By weak-* convergence of \(\tilde{m}_\lambda \) to \(m\) for \(\lambda \rightarrow 0^+\) and \(|| w ||_2\rightarrow 0\), \(\tilde{m}_{\lambda }((x-\varepsilon ,x+\varepsilon ))\) must converge to \(m_0((x-\varepsilon ,x+\varepsilon ))\).
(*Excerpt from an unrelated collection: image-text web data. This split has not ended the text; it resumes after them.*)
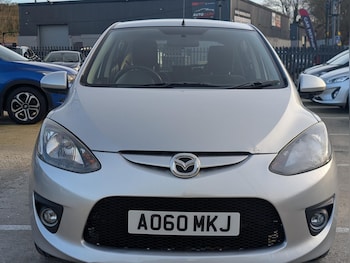 Used Mazda Mazda2 2010 for sale - 77562492: Photo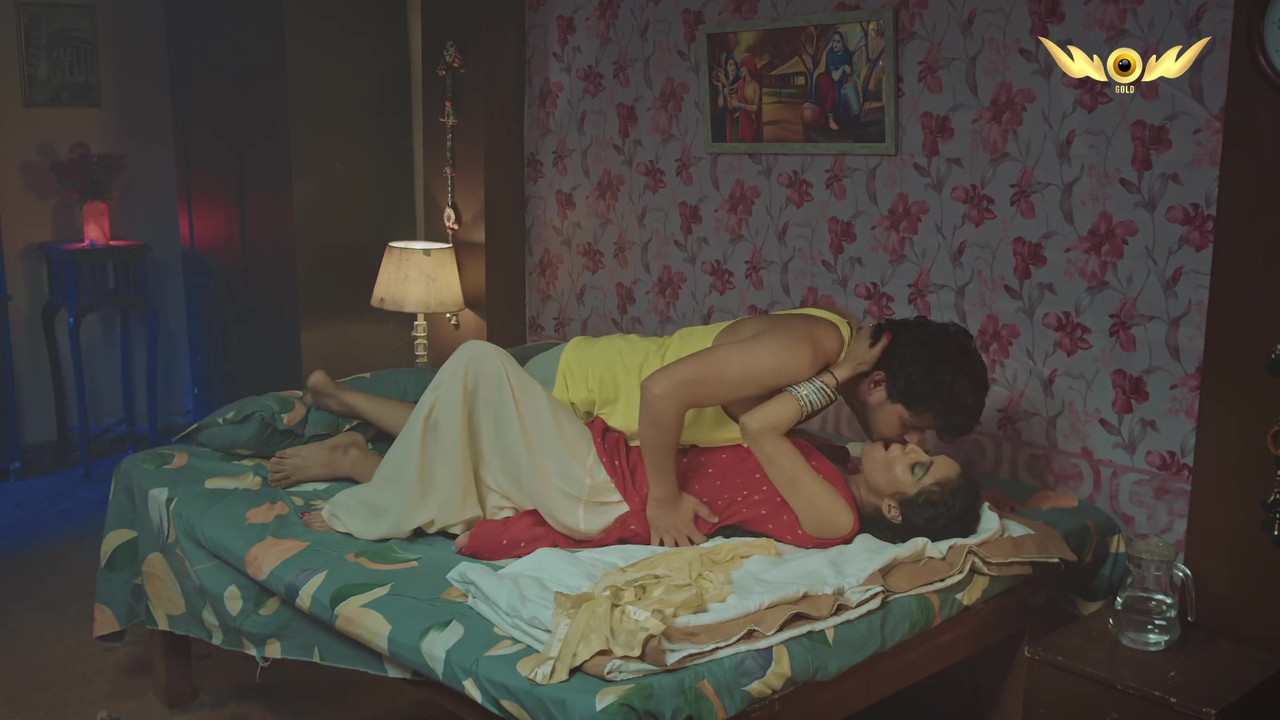 Jadui Palang (2024) Hindi Season 01 [ Epi 01-04 Join ] | WEB-DL | 1080p | 720p | 480p | WOW Entertainment WEB Series | Download |Watch Online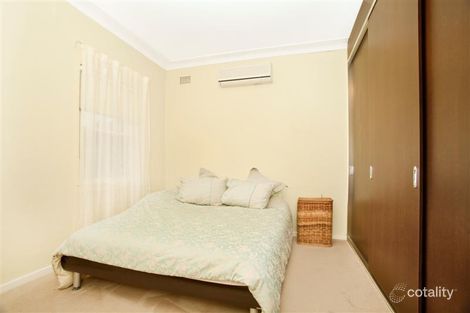 Property photo of 21 Jay Avenue Belfield NSW 2191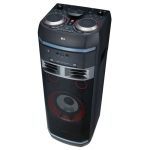 قیمت سیستم صوتی ال جی OK75 با مشخصات کامل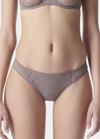 Simone Perele Comete Bikini Brief In Sweet Chesnut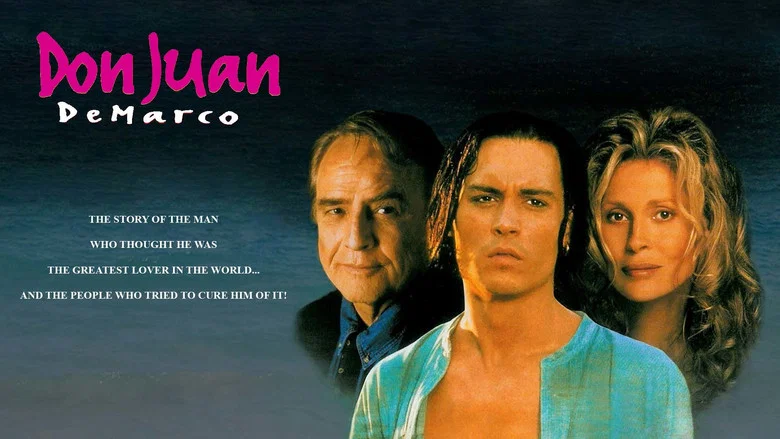 Don Juan DeMarco still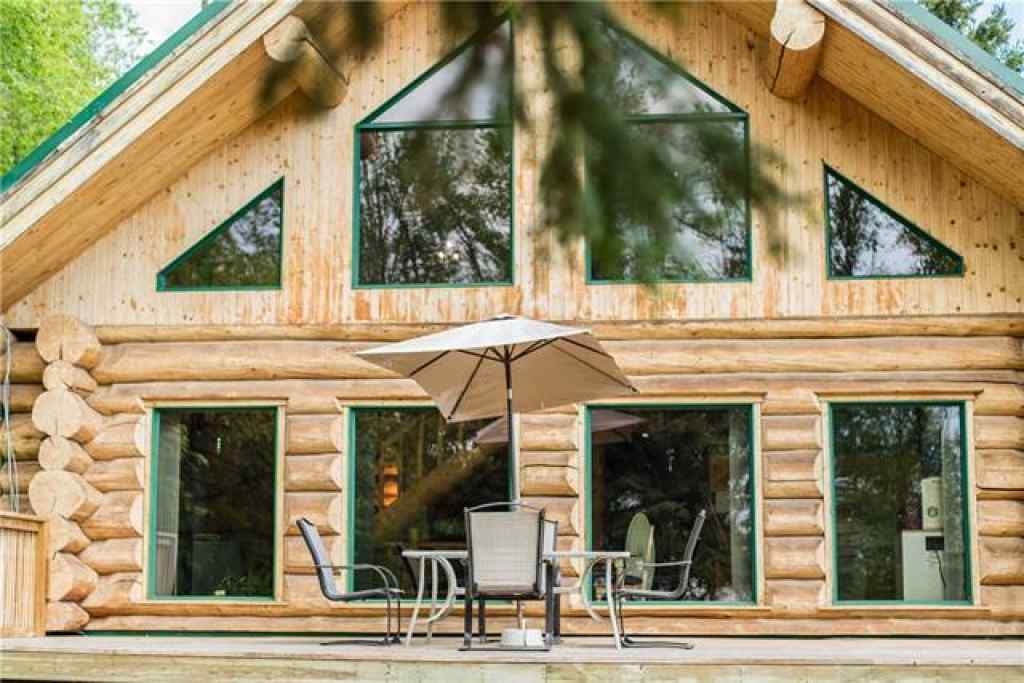 MLS® A2113824 - 153 & 157 Lakeshore Drive   in Lac La Biche Lac La Biche, Residential
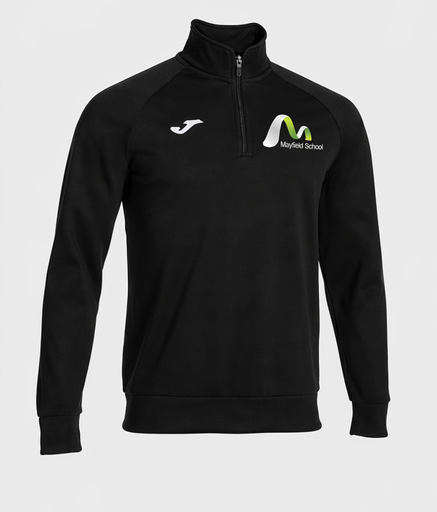 Mayfield 1/4 Zip Midlayer
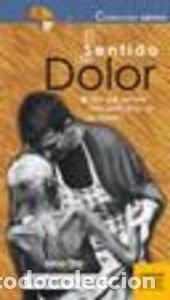 Libros: DVD El Sentido del Dolor- 9788421836576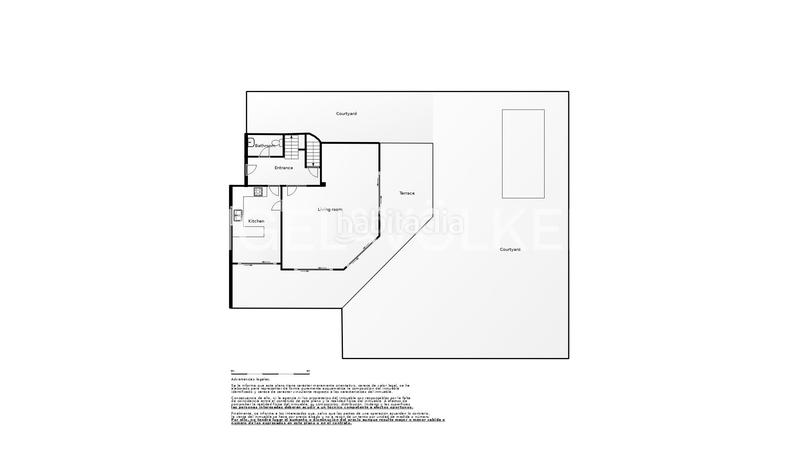 Foto ac449086-f153-4e5a-b044-8af01ce70dc1. Casa con riscaldamento parcheggio piscina in Centre Castelldefels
By the optimality conditions, we see that \(|m_0((x-\varepsilon ,x+\varepsilon ))|=|m_0(\{x\})|\), so that \(m_0(\{x\})\ne 0\) and \({{\mathrm{sign}}}m_0(\{x\})=\eta _0(x)\), hence the result. \(\square \)

In the Proof of Lemma 2, we have relied on the following result.

Proposition 4

([22, Th. 3.5],[4, Prop. 5]) Let \(m_0\) be an identifiable measure, if \(\lambda \rightarrow 0\) and \(|| w ||\rightarrow 0\) with \(\frac{|| w ||_2^2}{\lambda }\rightarrow 0\), then \(\tilde{m}_\lambda \) converges to \(m_0\) with respect to the weak-* topology.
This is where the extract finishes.